– Parallax View: Today’s Pakistan has more in common with Afghanistan under the Taliban
By: Vir Sanghvi
Now that the world has overcome its surprise and horror at the revelation that Bin Laden was living in a mansion in Pakistan for the last five years (and perhaps in another Pakistani location for two and a half years before that), it is time for us to consider what these disclosures mean for India-Pakistan relations.
There are broadly three views on Pakistan and terrorism. The first is the view of most Indians: that Pakistan is the global epicentre of terrorism, a nation that uses terror as an instrument of state policy and must therefore be regarded as a rogue state.
At the other extreme is the view of the Pakistani establishment (which is also the view of Manmohan Singh and other Indian peaceniks): yes, there are terrorists in Pakistan. But they are as much enemies of the Pakistani state as they are of India or the rest of the world. Pakistan is a victim of terror, not an official perpetrator. Pakistani forces have given their lives fighting terrorism and terror has damaged Pakistan itself much more than it has damaged any of the targets of Pakistani terrorists. ….
…. But the troubling question remains: how did it advance Pakistan’s interests to host Bin Laden? How is Pakistan benefitted from becoming the global epicentre of terrorism? ….
… But I can’t think of any other explanation that fits the facts.
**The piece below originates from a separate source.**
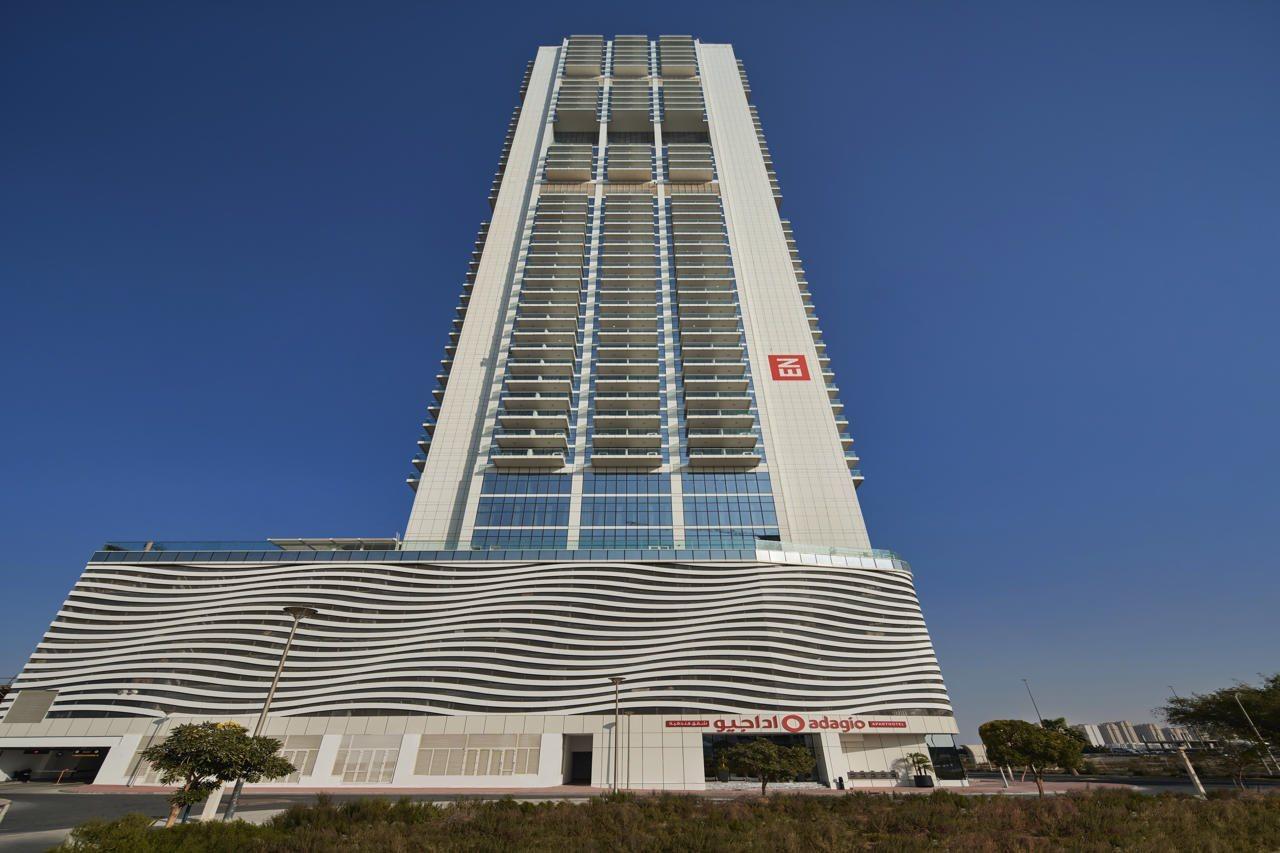 Novotel Jumeirah Village Triangle Dubai Exterior photo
Why would Pakistan even dream of offering shelter to Osama Bin Laden? It had nothing to gain from angering the US and everything to lose.
The terrifying reality is that Pakistan no longer merely uses terrorism as an instrument of state policy. The state itself has become the terrorist. Jihad is not a means to an end but an end in itself. …
The Pakistan that is now emerging has less in common with today’s India and much more in common with Afghanistan under the Taliban. That was a lawless state run by fundamentalist fanatics who offered shelter to Osama Bin Laden, allowed Al Qaeda to plan its operations from within its borders and treated jihad as a sacred mission.
That, sadly, is the reality of today’s Pakistan.